When Asrar-e Khudi was first published in 1915, the immediate reception among Indian Muslims was lukewarm, with some strongly negative reactions coming from the established circles of religious authority. Overall, the message of this poem was seen either as too difficult or as deeply offensive; Asrar-e Khudi was either not understood at all, or it was greeted with misinterpretations.
Iqbal wrote a number of letters to his detractors in order to clarify his intended meaning; he also removed some of the offensive parts of the poem from the second edition, not because he had changed his mind but because he thought those parts were distracting from the real message of the book. Later, when an English translation was published in 1920, an entirely different set of misinterpretations emerged from British intellectuals, including renewed fears of “jihad.” Iqbal refuted these criticisms in a letter to Prof. Nicholson, the translator of Asrar-e Khudi into English.

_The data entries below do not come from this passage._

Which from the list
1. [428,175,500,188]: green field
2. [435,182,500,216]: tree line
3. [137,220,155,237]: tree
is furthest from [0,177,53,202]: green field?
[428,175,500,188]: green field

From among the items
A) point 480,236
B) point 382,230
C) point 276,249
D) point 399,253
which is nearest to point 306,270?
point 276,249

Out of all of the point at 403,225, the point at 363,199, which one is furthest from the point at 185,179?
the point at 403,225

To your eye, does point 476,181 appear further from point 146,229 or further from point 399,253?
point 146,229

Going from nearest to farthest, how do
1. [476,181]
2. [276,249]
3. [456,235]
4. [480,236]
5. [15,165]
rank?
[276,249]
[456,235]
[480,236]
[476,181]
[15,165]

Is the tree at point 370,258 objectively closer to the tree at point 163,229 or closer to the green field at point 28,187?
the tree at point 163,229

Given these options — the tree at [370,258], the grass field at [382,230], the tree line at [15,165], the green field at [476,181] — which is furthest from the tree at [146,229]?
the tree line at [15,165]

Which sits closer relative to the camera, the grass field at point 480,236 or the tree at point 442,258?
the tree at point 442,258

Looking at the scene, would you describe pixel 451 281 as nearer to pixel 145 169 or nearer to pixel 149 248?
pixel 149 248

Even though Iqbal composed many great poems both before and after Asrar-e Khudi, this particular poem remains one of his major accomplishments. Its significance lies not only in its literary and aesthetic merits, but also, and much more importantly, in its philosophical contributions. There are seeds of a full-fledged philosophy in this book, with potentially paradigm-shifting implications for theology, psychology, and social thought. In his subsequent career, Iqbal would continue to expand and elaborate upon the themes that he first introduced in Asrar-e Khudi.

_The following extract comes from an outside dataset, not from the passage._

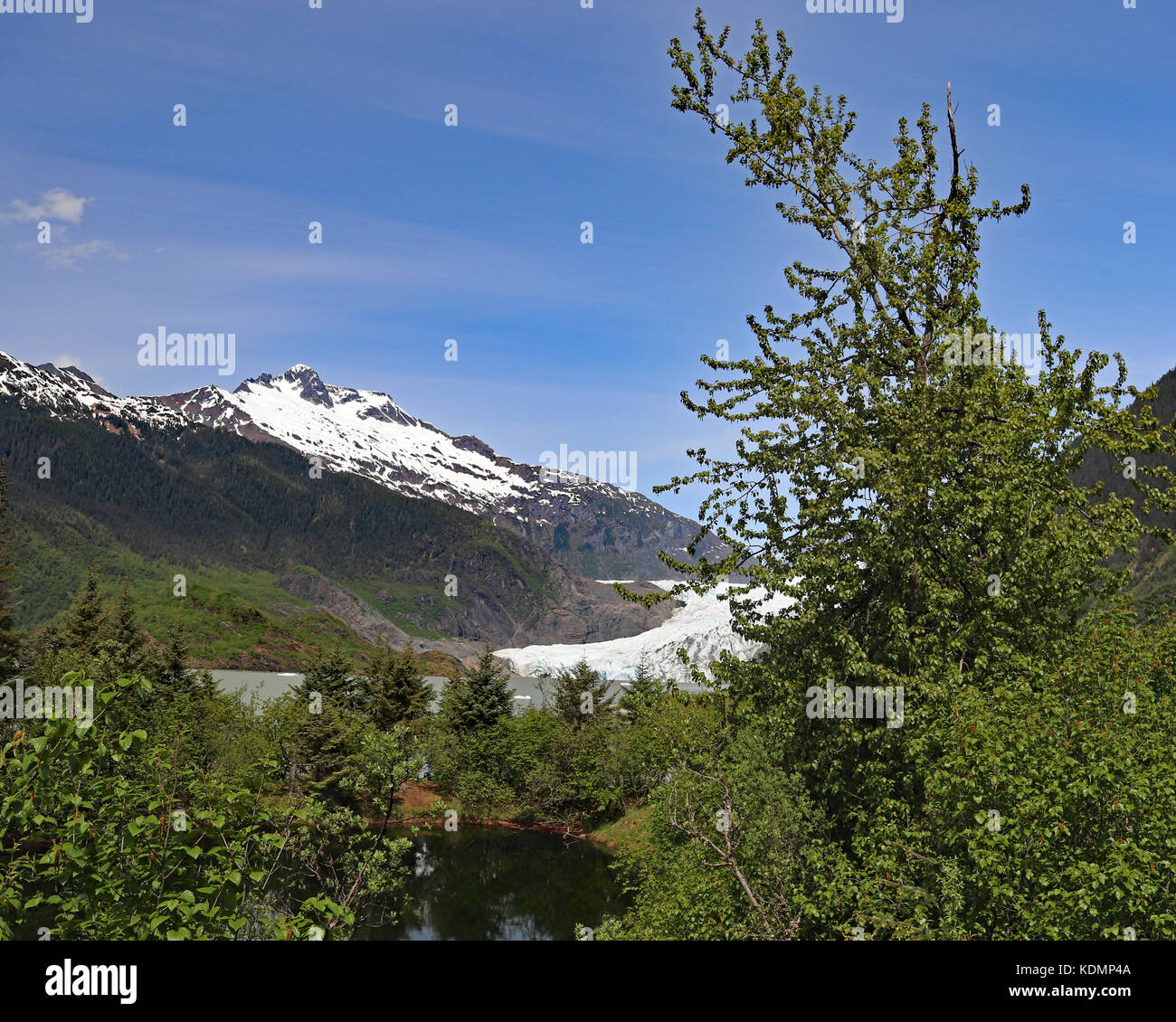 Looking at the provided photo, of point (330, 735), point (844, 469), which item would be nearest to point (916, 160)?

In the previous two postings, I have attempted to unpack some of Iqbal’s brief remarks to Prof. Nicholson in which he summarized the main ideas of Asrar-e Khudi. This is the third installment.

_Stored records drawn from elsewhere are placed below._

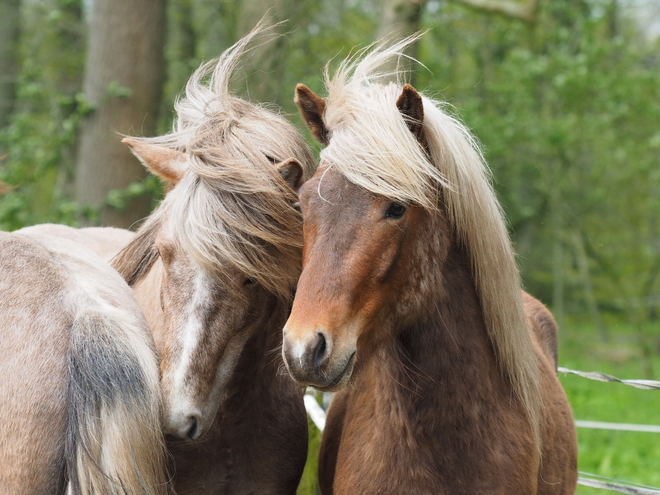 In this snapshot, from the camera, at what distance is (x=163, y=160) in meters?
3.28

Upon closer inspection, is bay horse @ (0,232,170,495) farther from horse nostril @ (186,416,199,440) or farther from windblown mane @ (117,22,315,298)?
windblown mane @ (117,22,315,298)

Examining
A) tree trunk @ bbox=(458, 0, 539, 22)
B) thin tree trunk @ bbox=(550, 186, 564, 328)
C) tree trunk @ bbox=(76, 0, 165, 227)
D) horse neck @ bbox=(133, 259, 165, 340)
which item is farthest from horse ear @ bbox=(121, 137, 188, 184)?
thin tree trunk @ bbox=(550, 186, 564, 328)

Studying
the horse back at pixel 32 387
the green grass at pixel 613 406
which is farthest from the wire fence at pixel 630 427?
the horse back at pixel 32 387

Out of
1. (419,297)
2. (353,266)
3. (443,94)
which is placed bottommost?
(419,297)

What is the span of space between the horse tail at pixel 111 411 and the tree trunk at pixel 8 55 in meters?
9.48

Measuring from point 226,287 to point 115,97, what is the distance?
4.86 m

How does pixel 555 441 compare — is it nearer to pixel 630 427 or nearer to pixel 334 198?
pixel 334 198

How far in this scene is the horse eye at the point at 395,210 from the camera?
8.63 ft

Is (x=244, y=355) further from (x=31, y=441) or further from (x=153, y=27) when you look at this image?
(x=153, y=27)

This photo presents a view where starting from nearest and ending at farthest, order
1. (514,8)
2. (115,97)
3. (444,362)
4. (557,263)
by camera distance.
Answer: (444,362), (115,97), (514,8), (557,263)

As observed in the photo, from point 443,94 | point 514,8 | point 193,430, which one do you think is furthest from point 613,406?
point 193,430

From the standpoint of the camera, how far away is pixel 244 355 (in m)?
3.11

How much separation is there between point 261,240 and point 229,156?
39 centimetres

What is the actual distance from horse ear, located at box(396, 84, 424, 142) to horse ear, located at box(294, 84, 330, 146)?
0.37 meters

As in connexion with the question of the freedom of the Ego we have to face the problem of matter, similarly in connexion with its immortality we have to face the problem of time. Bergson has taught us that time is not an infinite line (in the spatial sense of the word ‘line’) through which we must pass whether we wish it or not. This idea of time is adulterated. Pure time has no length. Personal immortality is an aspiration: you can have it if you make an effort to achieve it. It depends on our adopting in this life modes of thought and activity which tend to maintain the state of tension. Buddhism, Persian Sufism, and allied forms of ethics will not serve our purpose. But they are not wholly useless, because after periods of great activity we need opiates, narcotics, for some time. These forms of thought and action are like nights in the days of life.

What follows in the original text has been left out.